Cache Embeddings to Disk

Save embeddings to a JSON file so the app skips re-embedding on subsequent runs

💻

Writing code and entering commands is only available on desktop. Open this page on a larger screen to complete this chapter.

The problem with re-embedding every run

Embedding 1,731 chunks takes several minutes and costs API quota. If you ask a second question about the same PDF, you should not pay that cost again.

The solution: save the chunks and their vectors to a JSON file after the first run. On the next run, load from that file instead of calling the API.

Run 1: embed → save to cache.json → answer question
Run 2: load from cache.json → answer question (instant)

The cache format

A single JSON object with two keys:

{
  "chunks": ["chunk one...", "chunk two...", ...],
  "embeddings": [[0.12, -0.04, ...], [0.33, 0.91, ...], ...]
}

The json module is part of Python's standard library — no installation required.

Instructions

Write two functions. The starter code provides both signatures.
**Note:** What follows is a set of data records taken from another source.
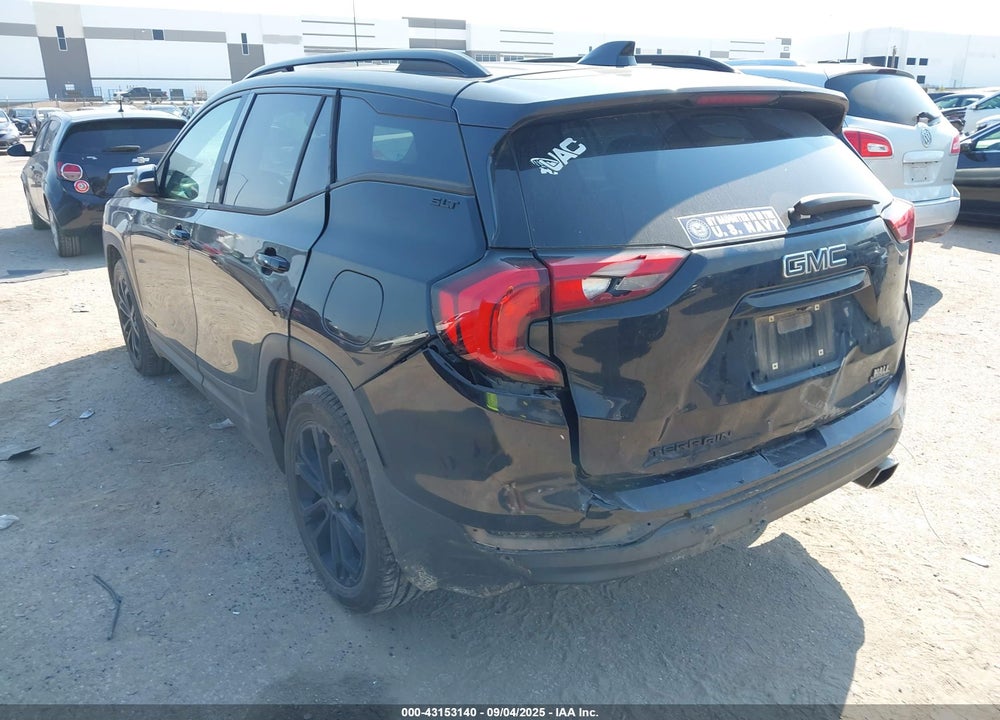 2019 GMC TERRAIN SLT VIN: 3GKALPEX7KL386680
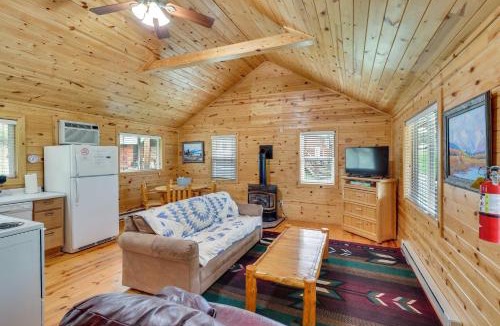 Deadwood House | Hike, Ski, ATV! Ride-Ready Deadwood Cabin w/Grill
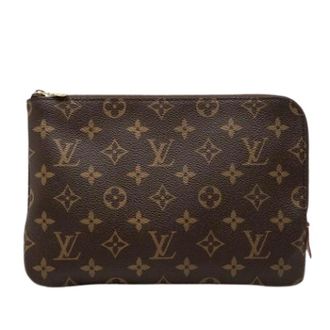 Louis Vuitton Pre-owned Etui Voyag - - Pre-owned - Donna - Marrone - ONE SIZE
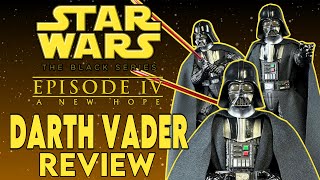 Star Wars The Black Series DARTH VADER (A New Hope) Action Figure Review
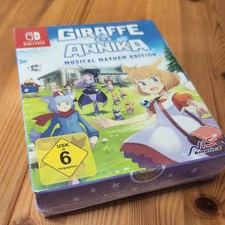 ebay® Auktion 117284438303 | Giraffe And Annika Limited Edition (Nintendo Switch) Thumbnail of ebay® auction 117284438303 | Giraffe And Annika Limited Edition (Nintendo Switch)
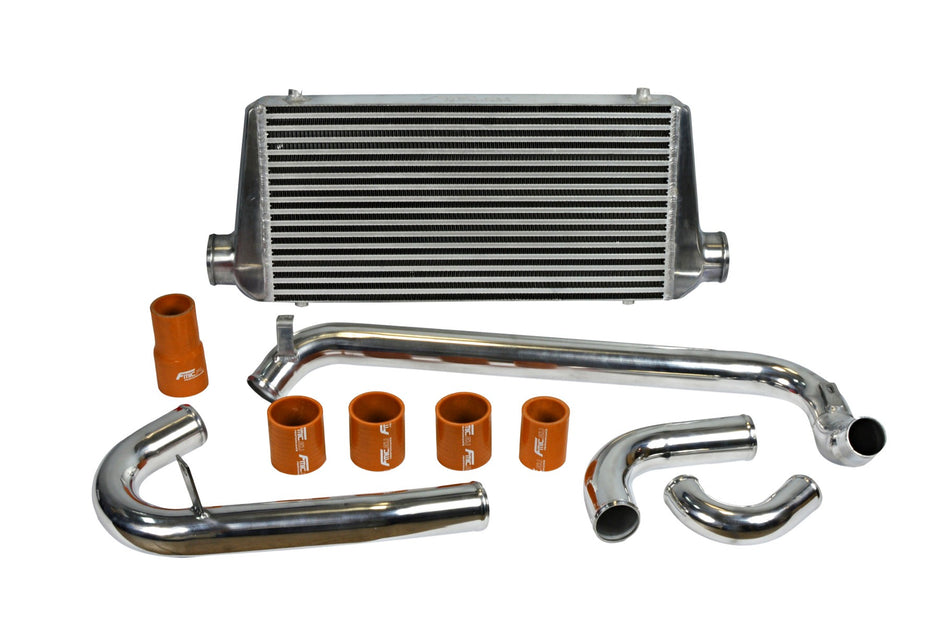 FMIC.EU Intercooler-kit Mitsubishi Lancer Evo I / II / III (Grön)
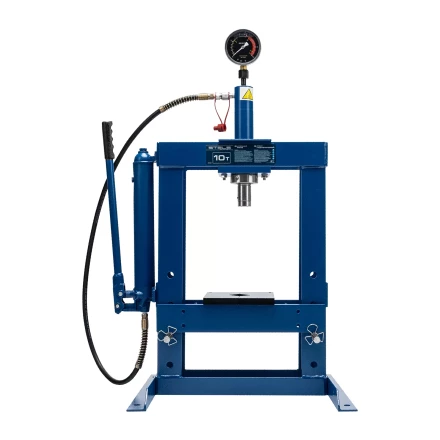 Пресс гидравлический настольный с манометром Stels 52305, 10 т купить в Тобольске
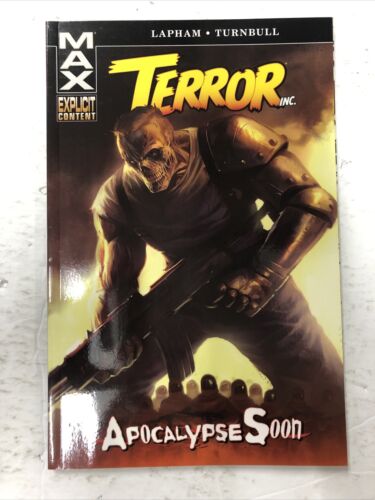 Terror Inc Apocalypse Soon By David Lapham (2009) TPB MAX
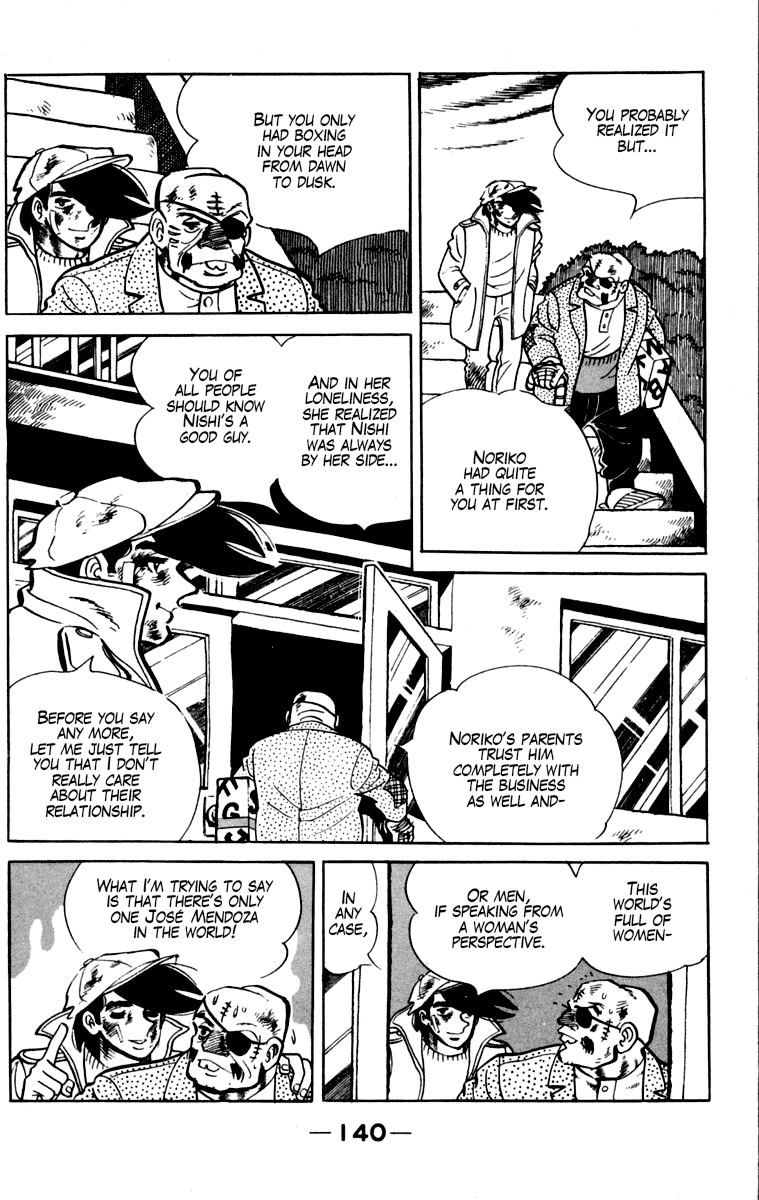Ashita no Joe Chapter 107 page 140 - Chapter 107: Vol.16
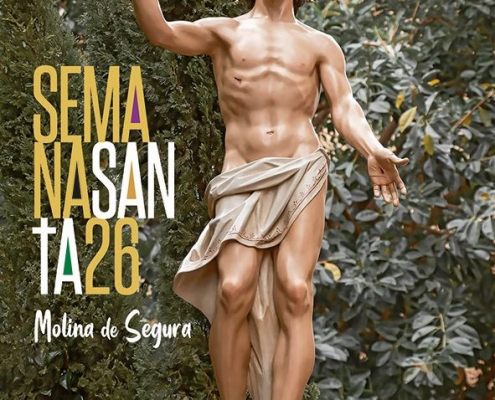 Semana Santa Molina 2026 CARTEL (fotografía de Diego Quevedo)
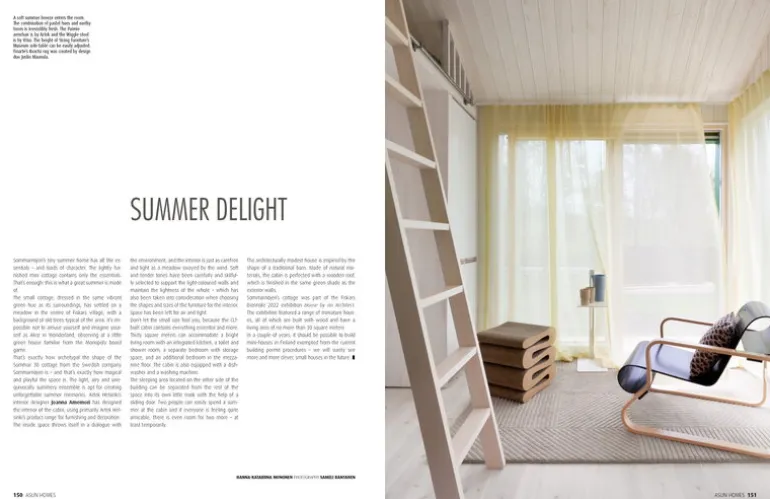 Studio Koskinen Rantanen Asun Homes Vol 7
  1. In save_embeddings, create a variable named data. Assign it a dict with two keys: "chunks" set to chunks, and "embeddings" set to embeddings.
  2. Open cache_path for writing using with open(cache_path, "w") as f:.
  3. Inside the with block, call json.dump(data, f).
  4. In load_embeddings, add an if statement: if not os.path.exists(cache_path):. Inside it, return None.
  5. Open cache_path for reading using with open(cache_path) as f:.
  6. Inside the with block, create a variable named data. Assign it json.load(f).
  7. Return data["chunks"], data["embeddings"].